Bugün okuduğum köşe yazısında ismi bahis konusu olunca varlığından haberdar olma fırsatı yakaladığım üst bilinç sahibi insan. insanı heyecanlandıran mütevazi duruşu ve olaylara akılcı pencereden yaklaşımıyla tanınmaya ve tanıtılmaya değer biri olarak gördüğüm için paylaşmak istedim. Otobiyografik bilgilerine ve kronolojik olarak hayatına dair bilgilerine günümüz internet ağında rahatlıkla ulaşılabilir. Benim değinmek istediğim Bertrand Russell amcanın kişiliğinin hakkettiği saygıdır. Beni böyle düşünmeye iten olayı Muhammed Ali'nin ağzından okuyalım;
(+)Muhammed Ali
(-)Bertrand Russell
Ahizeyi aldım. Telefondaki ses:
+Muhammed Ali'yle mi konuşuyorum?'
-Evet, Mr. Russell, sizi dinliyorum.'
+Tebrik ederim. Şampiyonlar genellikle iktidarın kuklasıdır. Siz öyle değilsiniz. işgal ordusuna katılmayı reddetmeniz takdire şayan.'
O günlerde sık yaptığım bir espriyi yapıştırdım:
-Göründüğün kadar aptal değilmişsin ahbap.'
Birkaç ay sonra, boks lisansımı elimden alan heriflerle görüşmeye gitmiştim.

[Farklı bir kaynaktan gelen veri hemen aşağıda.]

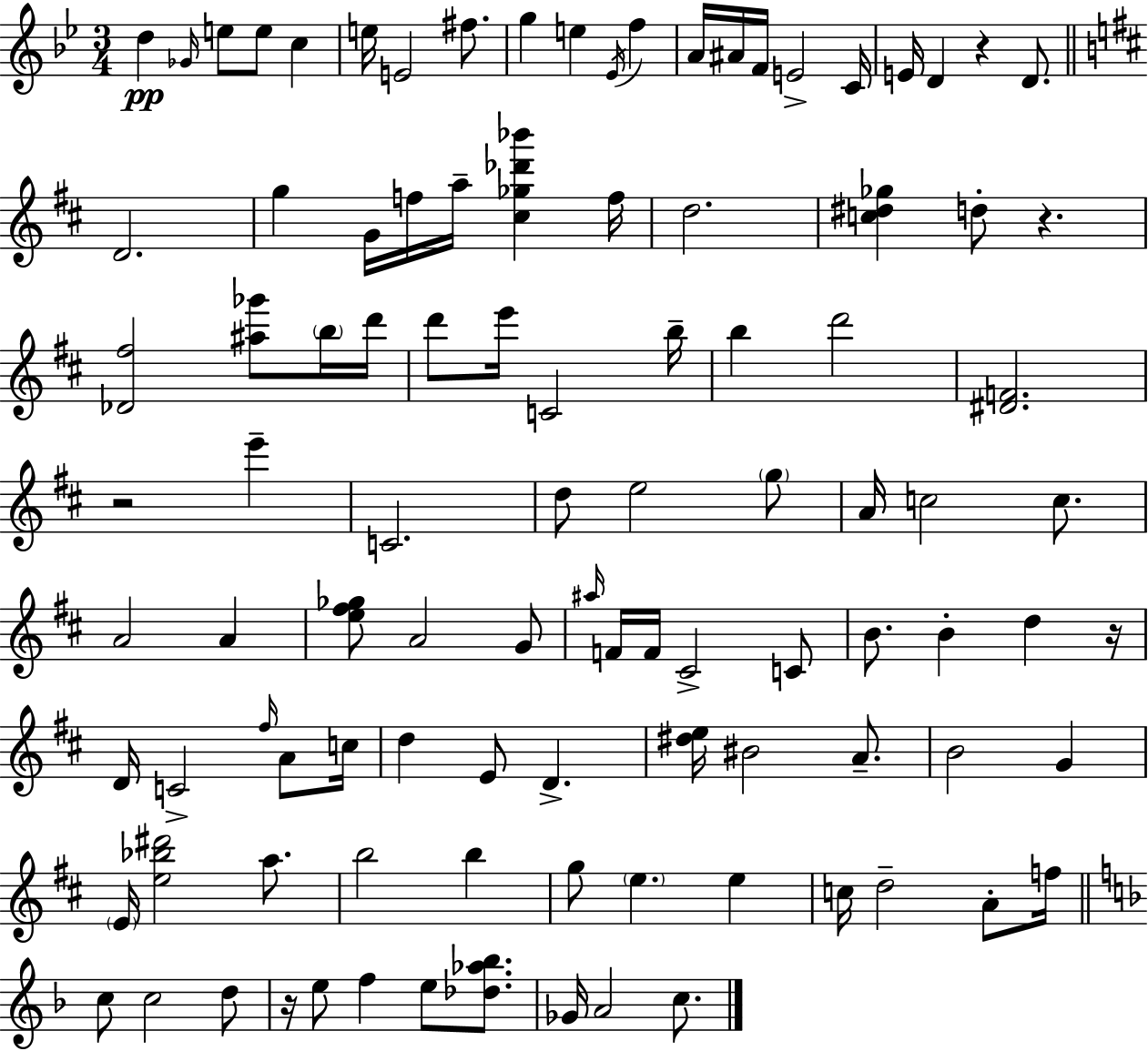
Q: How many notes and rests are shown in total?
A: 102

Bekleme salonunda oturuyordum. Bir de baktım ansiklopedi. 'Anaaaaaaa! Britannica!' diyerek rastgele bir cildi çektim, karıştırmaya koyuldum.
A-ha! Bertrand Russell! 20. yüzyılın en önemli matematikçi ve filozoflarından biri olarak tanıtılıyordu. Üstelik, Nobel Edebiyat Ödülü almıştı! Ve ben bu adama 'Göründüğün kadar aptal değilsin ahbap' demiştim! Utancımdan yerin dibine girdim.
Derhal, Bertrand Russel'ı aradım: 'Efendim, lütfen bağışlayın. Ben, Louisville'de doğmuş bir serseriyim. Sizi tanımıyordum. Kabalık ettim;
'Hiç de değil. Lütfen dert etmeyin. Af dilemenizi gerektiren bir şey yok. Bu arada, eşim de size selamlarını iletiyor.'
Russell'ın tüm kitaplarını okudum. Çok sevdim. Öyle ki, onun bir fotoğrafını sürekli cebimde taşıyordum. Sık sık telefonlaştık. Bir fırsatını bulup görüşmek istiyorduk. 1970'te Londra'ya gittiğimde aradım. Kısa bir süre önce ölmüştü; cebimden fotoğrafını çıkarıp baktım:
Hakikaten de; göründüğü kadar aptal değildi.